Tricon Homes operates a resident program called Tricon Vantage, which provides financial literacy classes on budgeting and credit improvement. Residents who remain in a Tricon Homes property for five years are eligible for a $5,000 grant toward a home purchase down payment on any home in the U.S.

=== Tricon Living ===
Tricon Living, Tricon's Canadian multi-family subsidiary, has developed purpose-built rental apartments in the Greater Toronto Area, often in partnership with pension funds, developers, and public sector partners. It owns and operates twelve purpose-built rental communities in the city, including The Selby, a 441-unit building near Bloor Street in downtown Toronto that opened in 2019 and incorporated heritage elements from the former Selby Hotel, and The Taylor, a 286-unit tower on Spadina Avenue.

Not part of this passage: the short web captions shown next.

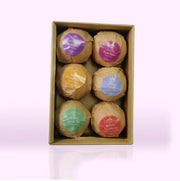 6Pcs Aromatherapy Bubble Bath Bombs with Coconut Oil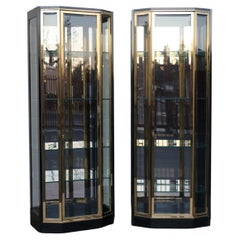 Pair of Mid-Century Modern Henredon Black Lacquer & Brass Glass Display Cabinets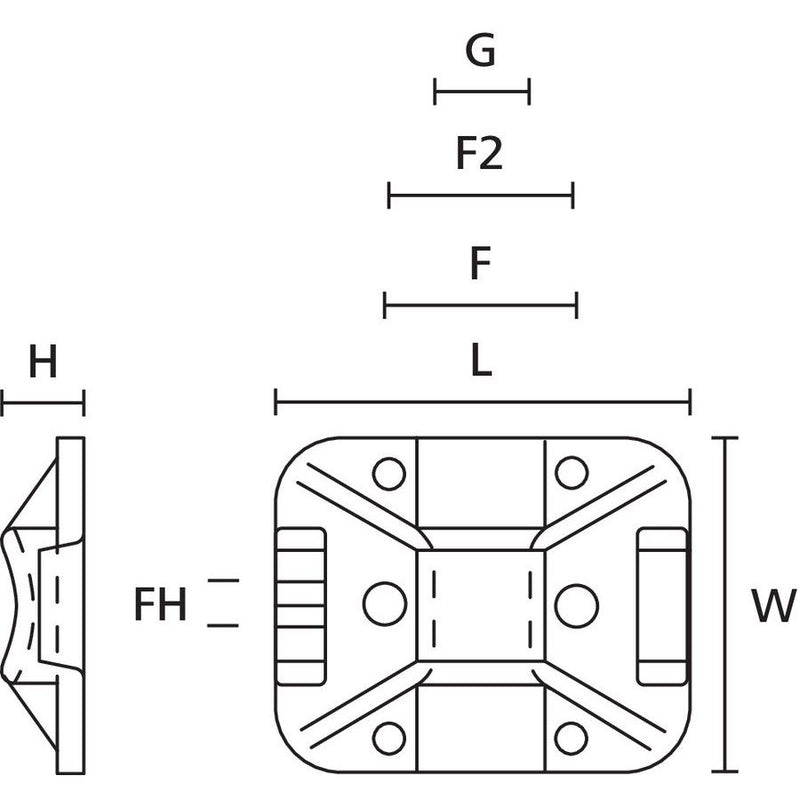 HellermannTyton - Befestigungssockel und -element für Kabelbinder Klebesockel TY8G1S-W-C1 − 100 Stück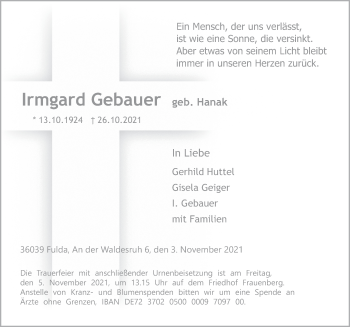 Traueranzeige von Irmgard Gebauer von FZ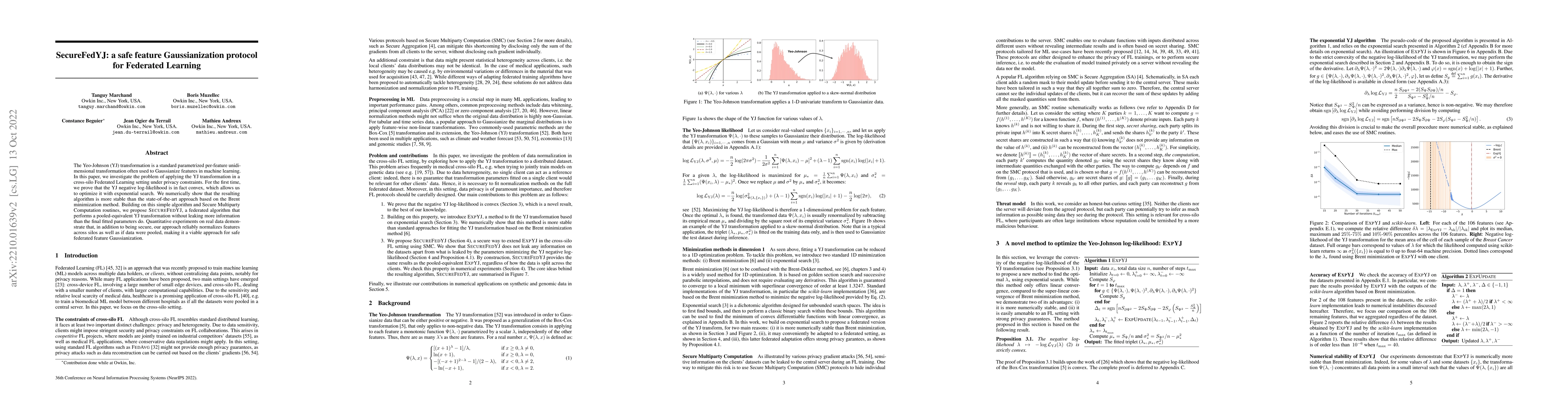 Thumbnail for SecureFedYJ: a safe feature Gaussianization protocol for Federated
  Learning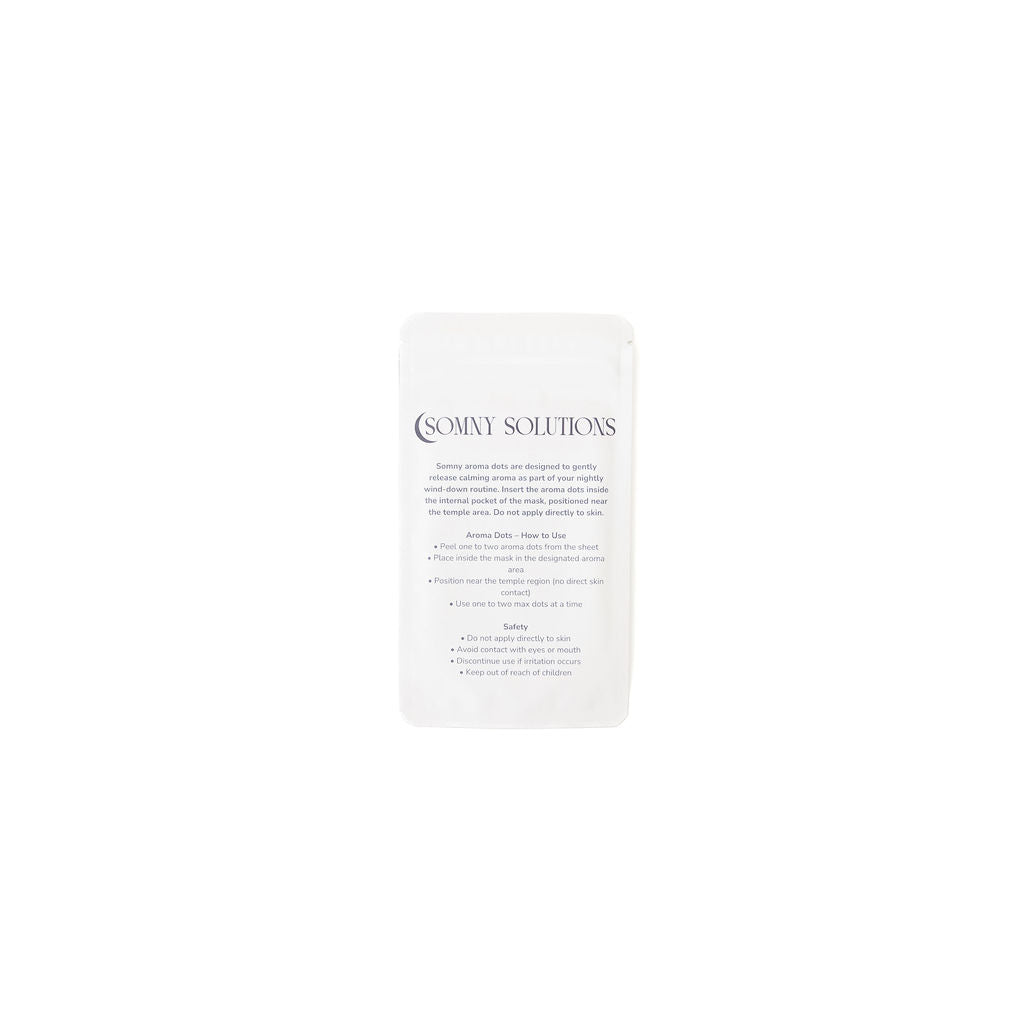 Somny Aroma Dots packaging back - 30 night scent therapy sleep support Australia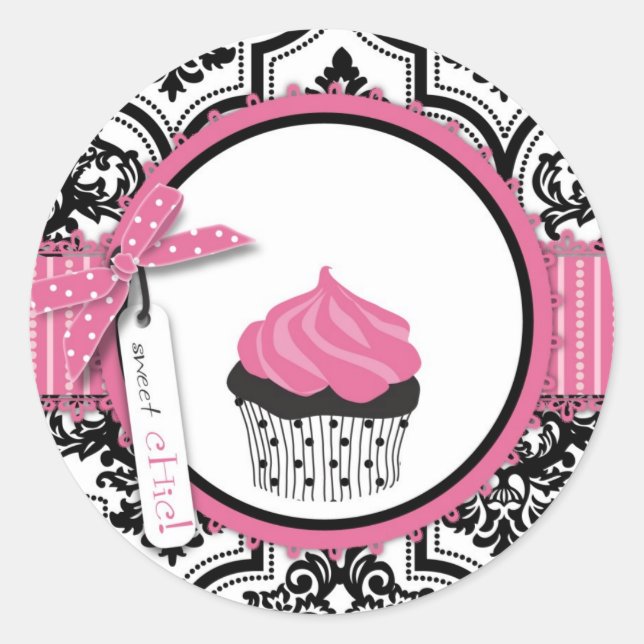 Boutique Chic Cupcakes Sticker_mbkemp Classic Round Sticker (Front)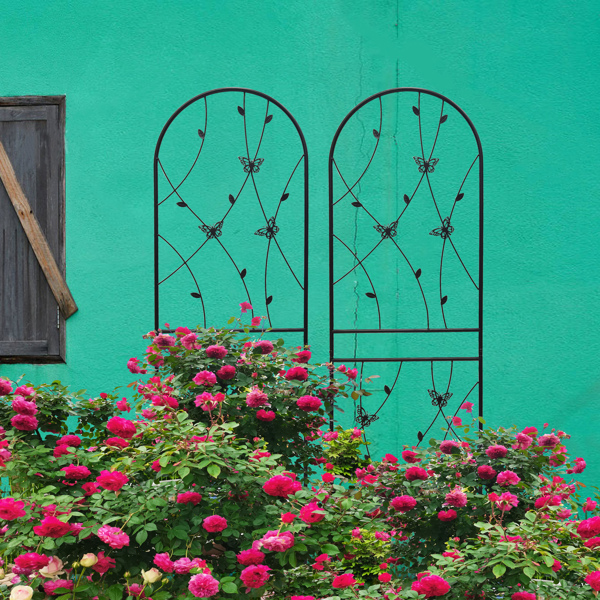 4件装金属花园棚架 71 英寸 x 19.7 英寸 防锈棚架 适用于攀缘植物户外花卉支架 蝴蝶装饰 黑色-13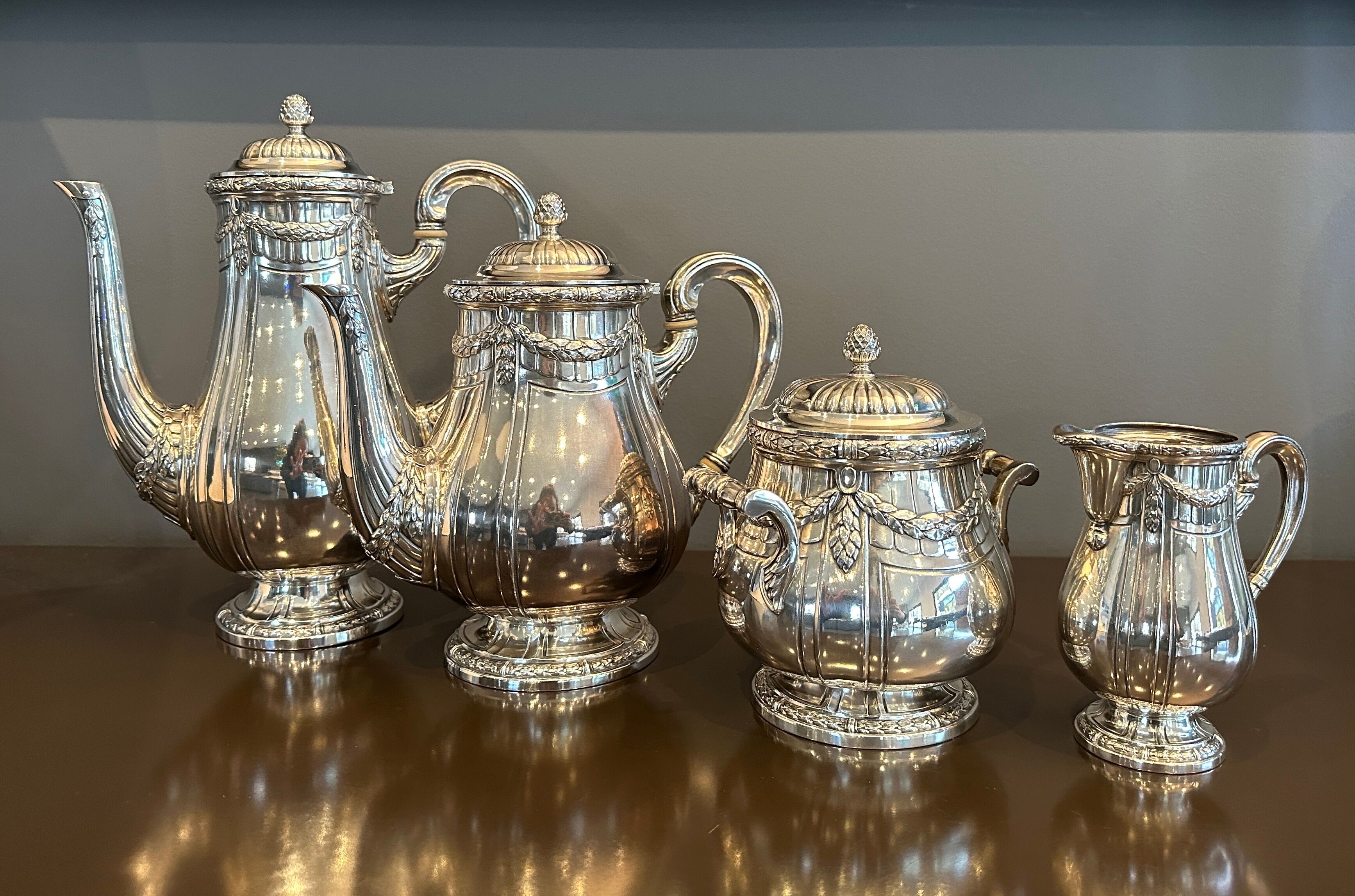 Tea service coffee goldsmith Gallia for Christofle Late nineteenth century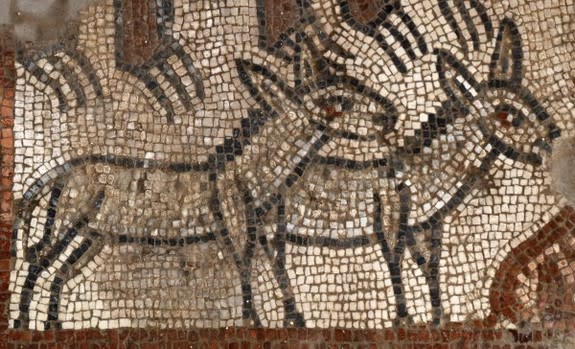 The Noah's ark mosaic included pairs of animals, such as lions, leopards, bears, and donkeys.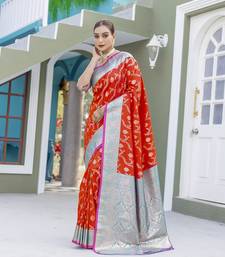 Red Benarasi Semi Satin Silk Saree,Blouse-not As Per Image 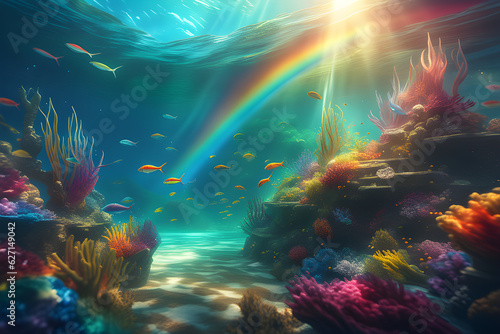 a rainbow in the sea. Generative AI.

By March 2020, the subsidiary had roughly 3,600 rental units across seven high-rise projects at various stages of development. Its largest to date is Cherry House, an 855-unit development in Toronto's Canary District that opened in 2026, with about 30 percent of units designated as affordable housing and amenities built to support high-performance athletes, including Canadian Olympians and Paralympians. Cherry House anchors a broader redevelopment of the Canary District that Tricon Living is delivering through a public-private partnership with the City of Toronto, the Province of Ontario, and the Government of Canada.